UN's Ban presses Obama to accept Iran into talks on Syria
United Nations Secretary General Ban Ki-moon pressed the U.S. to accept Iran as part of a broader coalition of nations discussing the violence in Syria and the fate of President Bashar al-Assad, Bloomberg reported.
"It is better to have broader participants," Ban told reporters late yesterday at the Group of 20 summit in Los Cabos, Mexico. Asked specifically about including Syrian ally Iran in negotiations, he said, "yes."
Ban's comments came hours after U.S. President Barack Obama said he and Russian President Vladimir Putin agreed to work with "all interested parties" to bring an end to the Syrian conflict.
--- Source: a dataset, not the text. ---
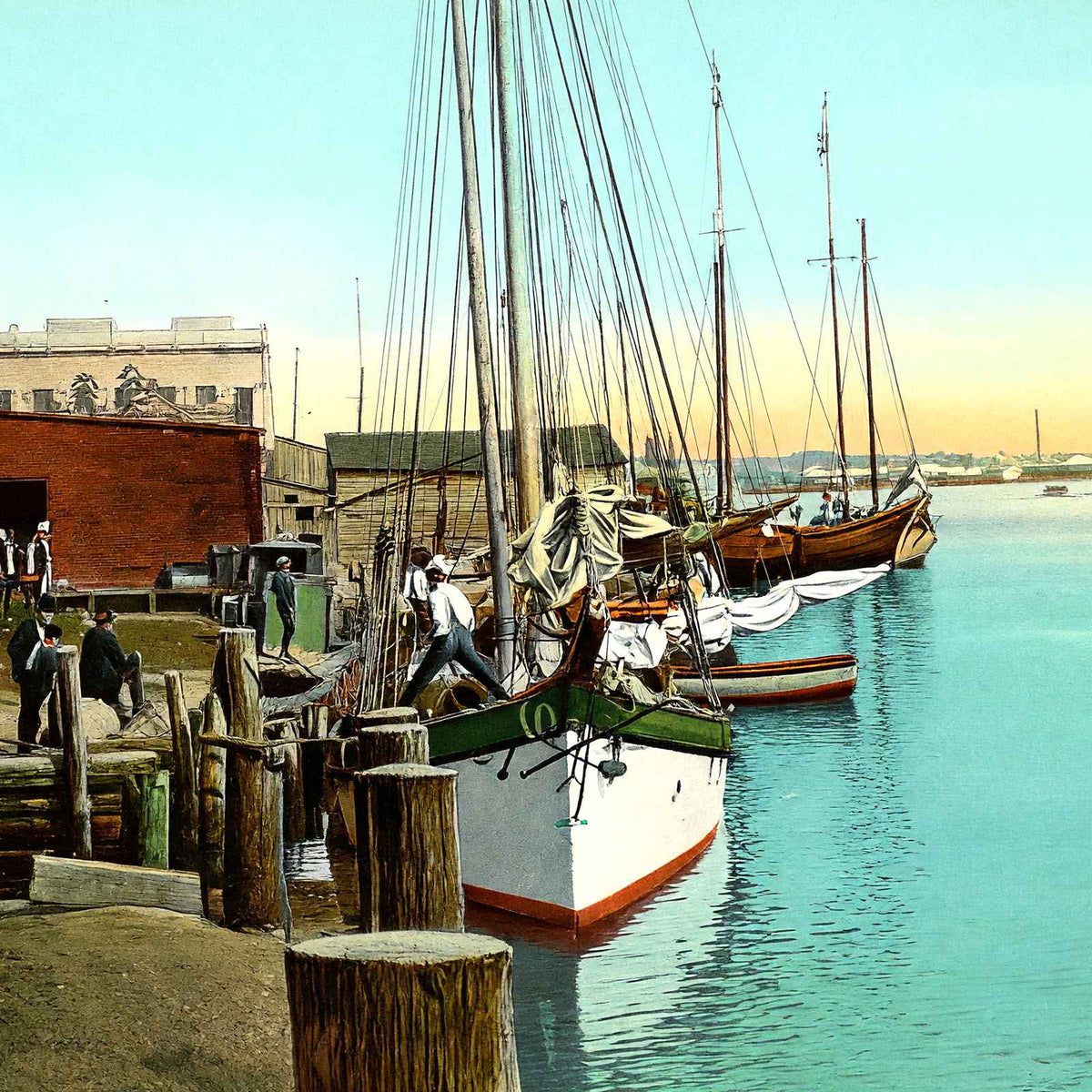 River Front, Elizabeth City, NC in 1907 vintage print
Obama didn't address whether Iran should take part in the talks, as Russia proposed last week.
The U.S. and Russian leaders, who met for the first time in almost three years, have clashed on how to tackle the 15-month Syrian crisis that has claimed more than 10,000 lives.
While Obama has called on Assad to step aside, Russia - has blocked UN Security Council resolutions against his regime and accused the U.S. and its allies of trying to duplicate the overthrow of Libya's Muammar Qaddafi.
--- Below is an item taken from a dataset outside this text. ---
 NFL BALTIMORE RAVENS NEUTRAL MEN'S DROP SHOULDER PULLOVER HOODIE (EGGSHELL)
"We agreed on the need for a cessation of the violence," Obama told reporters after the session yesterday, which lasted two hours.
"We have found many common points on this issue," Putin said, adding that the two sides will continue discussions.
In a joint written statement, the leaders of the world's two biggest nuclear powers expressed support for "moving forward on political transition to a democratic, pluralistic political system that would be implemented by the Syrians themselves."
The impasse has triggered frustration among the international community, including Ban, who met with Obama yesterday and will see Putin today.
The UN suspended its observer mission in Syria on June 16 because of escalating violence and withdrew personnel to bases within the country.
Russia also has been at loggerheads with the U.S. over efforts to enlist Shiite Muslim Iran, as a neighbor with influence over Assad's minority Alawite regime, in efforts to end the strife.
Clinton on June 12 said it would be a "grave error" because Iran has trained and supported Syrian government forces and Alawite militias blamed for civilian massacres.